* DATA RECORDS:
#####

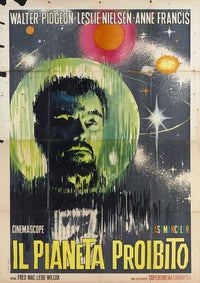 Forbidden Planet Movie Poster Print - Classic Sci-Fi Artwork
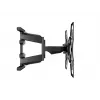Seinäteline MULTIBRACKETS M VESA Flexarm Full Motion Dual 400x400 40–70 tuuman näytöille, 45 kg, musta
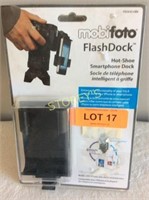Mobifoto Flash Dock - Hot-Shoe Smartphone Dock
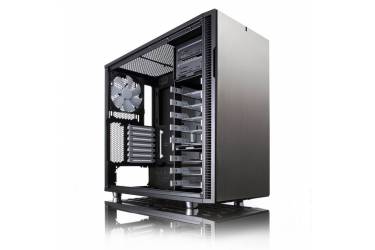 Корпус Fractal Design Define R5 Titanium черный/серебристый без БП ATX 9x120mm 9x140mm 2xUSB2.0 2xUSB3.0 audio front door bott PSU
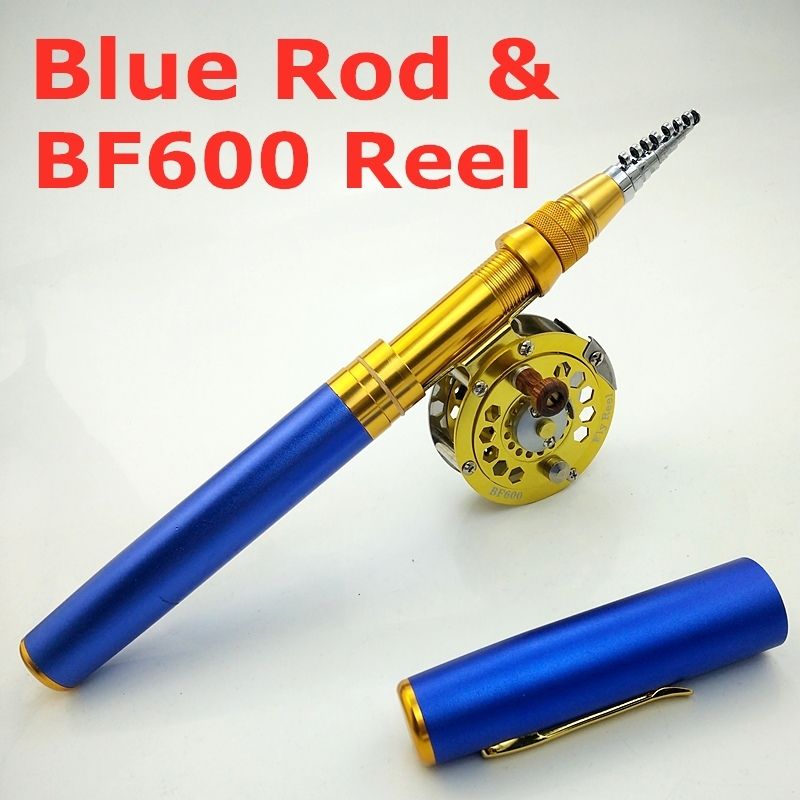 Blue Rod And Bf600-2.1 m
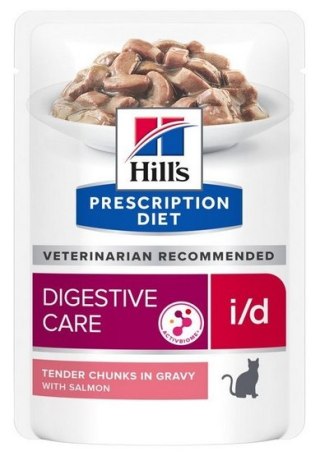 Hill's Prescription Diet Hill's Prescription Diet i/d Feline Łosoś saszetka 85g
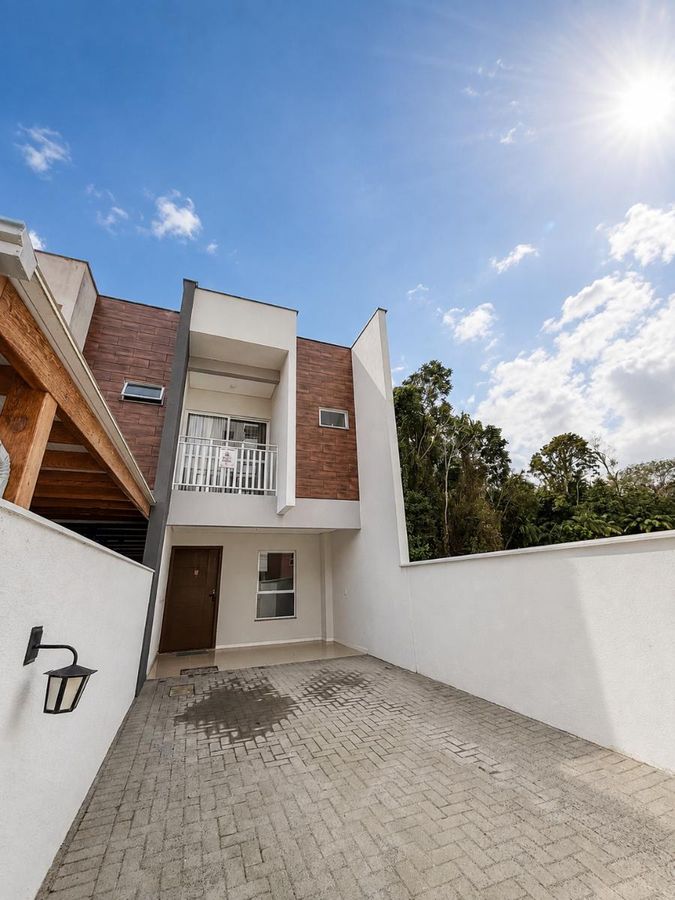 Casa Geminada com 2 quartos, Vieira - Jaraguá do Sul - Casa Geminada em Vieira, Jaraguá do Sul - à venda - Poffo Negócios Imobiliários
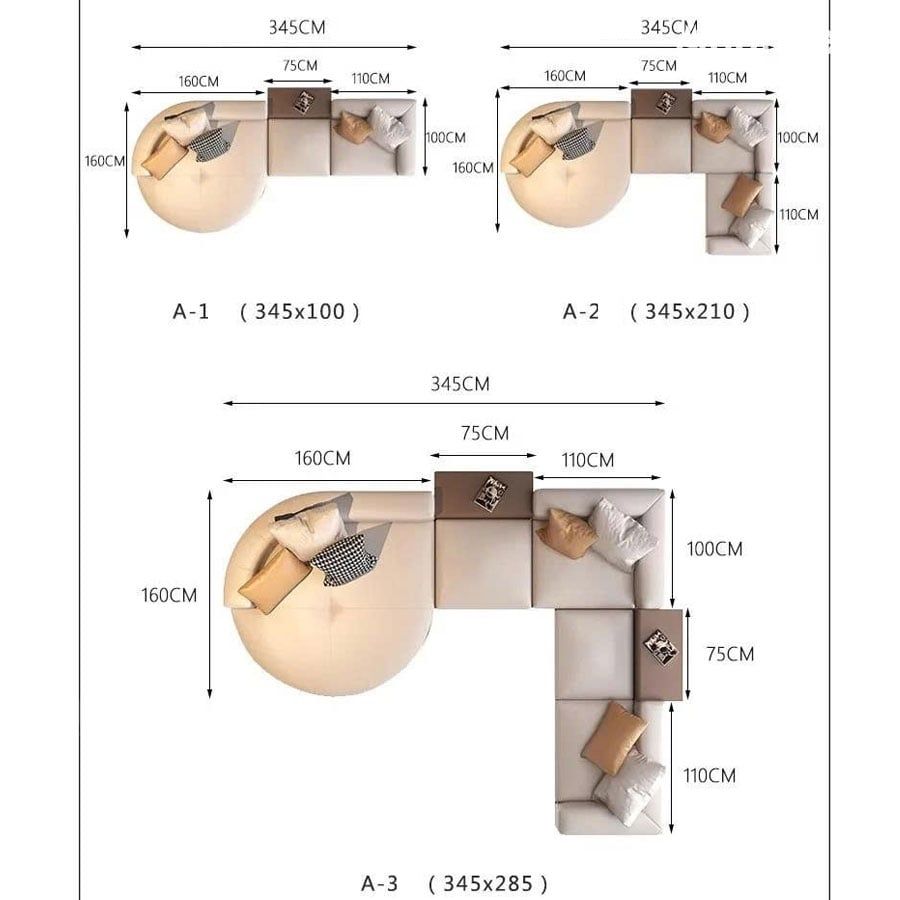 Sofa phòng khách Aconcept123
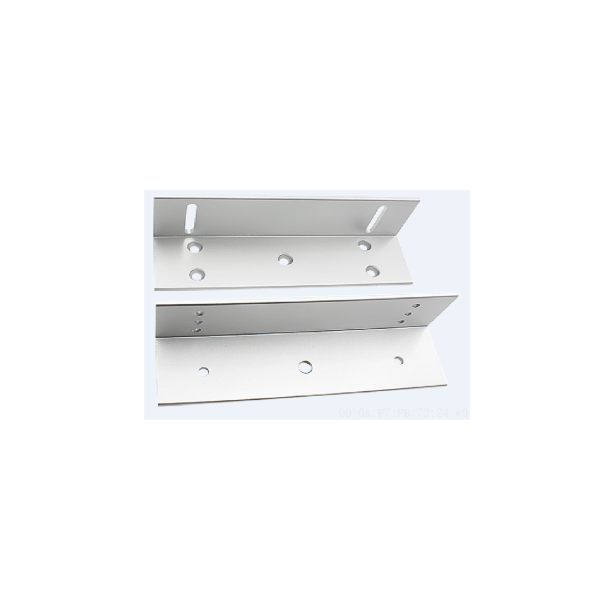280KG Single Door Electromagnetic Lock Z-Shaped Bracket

#####

* ASSIGNMENT: From the line holding "Hill's Prescription Diet Hill's" to the final line of the data above, give each line again exactly, both ends included, and drop the pictures.

* SOLUTION TO THE PROBLEM:
 Hill's Prescription Diet Hill's Prescription Diet i/d Feline Łosoś saszetka 85g
 Casa Geminada com 2 quartos, Vieira - Jaraguá do Sul - Casa Geminada em Vieira, Jaraguá do Sul - à venda - Poffo Negócios Imobiliários
 Sofa phòng khách Aconcept123
280KG Single Door Electromagnetic Lock Z-Shaped Bracket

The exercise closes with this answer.